The Architecture Implications
Now that you have the mental model, here is what it means in practice:
Treat the LLM as a stateless compute layer. Just as you would not store session state inside a Lambda function, do not assume the LLM retains anything. Your application layer owns context management, conversation history, and user state.
Budget for context like you budget for bandwidth. Every token you send costs money and competes for space in the context window. Build retrieval pipelines that are selective, not exhaustive.
Layer validation on top. The LLM generates; your system verifies. Structured output parsing, schema validation, and domain-specific checks are not optional — they are load-bearing parts of your architecture.
Plan for model portability.

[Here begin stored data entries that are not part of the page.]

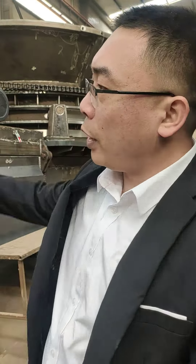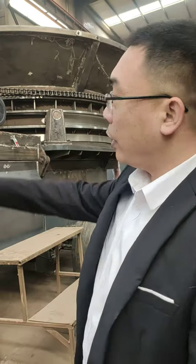This machine is 250 kilowatts motor, the capacity can be 20 to 25 kph. This is the complete machine, I show you to look around.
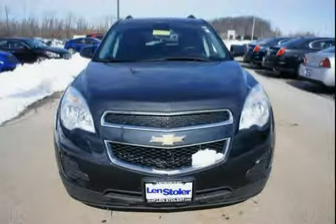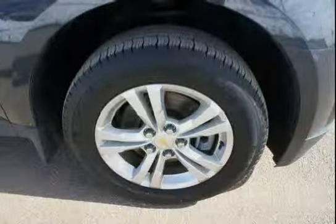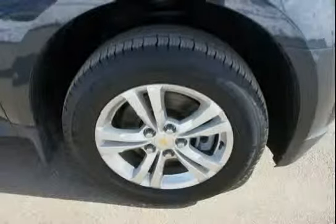Driven with care for 48,603 miles, making this Equinox an easy choice for you. We'll see you next time.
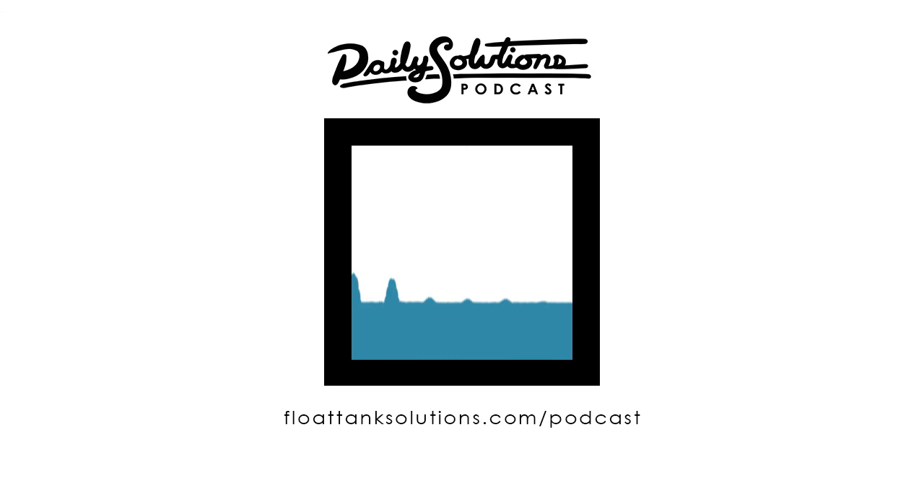If you guys have other questions, you can always hop over to floattanksolutions.com/podcast and type them in. Thanks everyone.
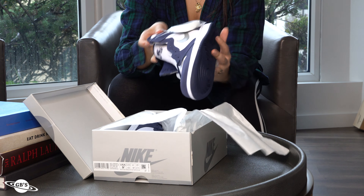We've got a makeup of white leather on the upper, Midnight Navy overlays, and metallic silver for the swoosh and Air Jordan Wings logo. It's a clean and consistent colorway if I do say so myself.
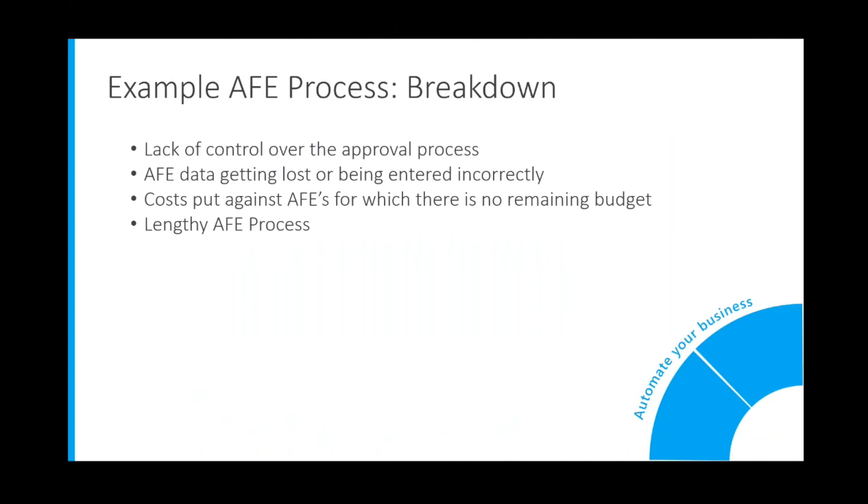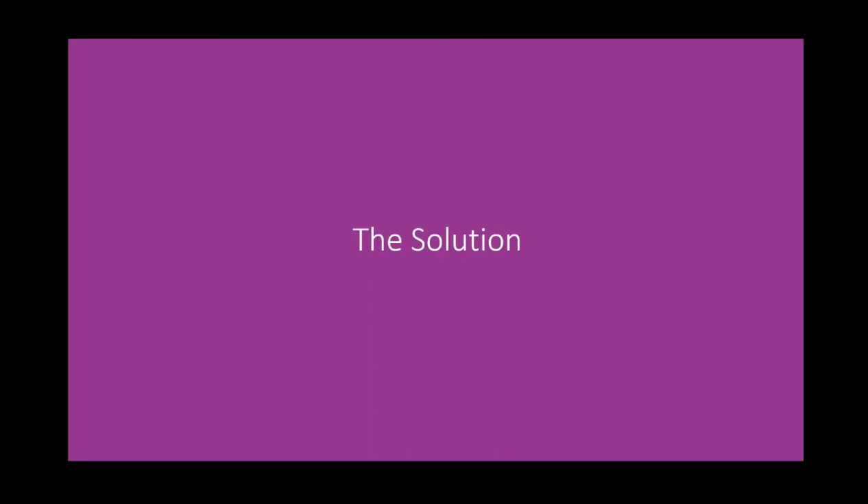This translates to a breakdown in the AFE process. Some examples include a lack of control over the approval process, which often means projects are started without appropriate approval; AFE data getting lost or being entered incorrectly, which might lead to duplication of effort, recreating AFEs, or creating supplements; errors such as costs put against AFEs for which there is no remaining budget, leading to budget overruns; and the overall AFE process just taking too long, resulting in a failure to comply with contractual agreements. This is why we created a technology platform that will help oil and gas companies set the stage for a digital strategy moving forward and help companies to become more digitally mature.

Models improve rapidly. The provider you choose today may not be the best choice in six months. Abstract your LLM calls behind a clean interface so you can swap models without rewriting your application.
Right-size your model to the task. Not every request needs your largest, most expensive model. Route simple classification tasks to smaller models and reserve the flagship for complex generation. This is the LLM equivalent of not running every query against your production database.
Key Takeaway
An LLM is a powerful, stateless text-transformation function with a hard memory ceiling, a tunable creativity dial, and a usage-based cost model. It is not a database, not a reasoning engine, and not a replacement for your application logic. The teams that build well with LLMs are the ones that internalize these constraints and architect around them — not the ones that treat the model as magic.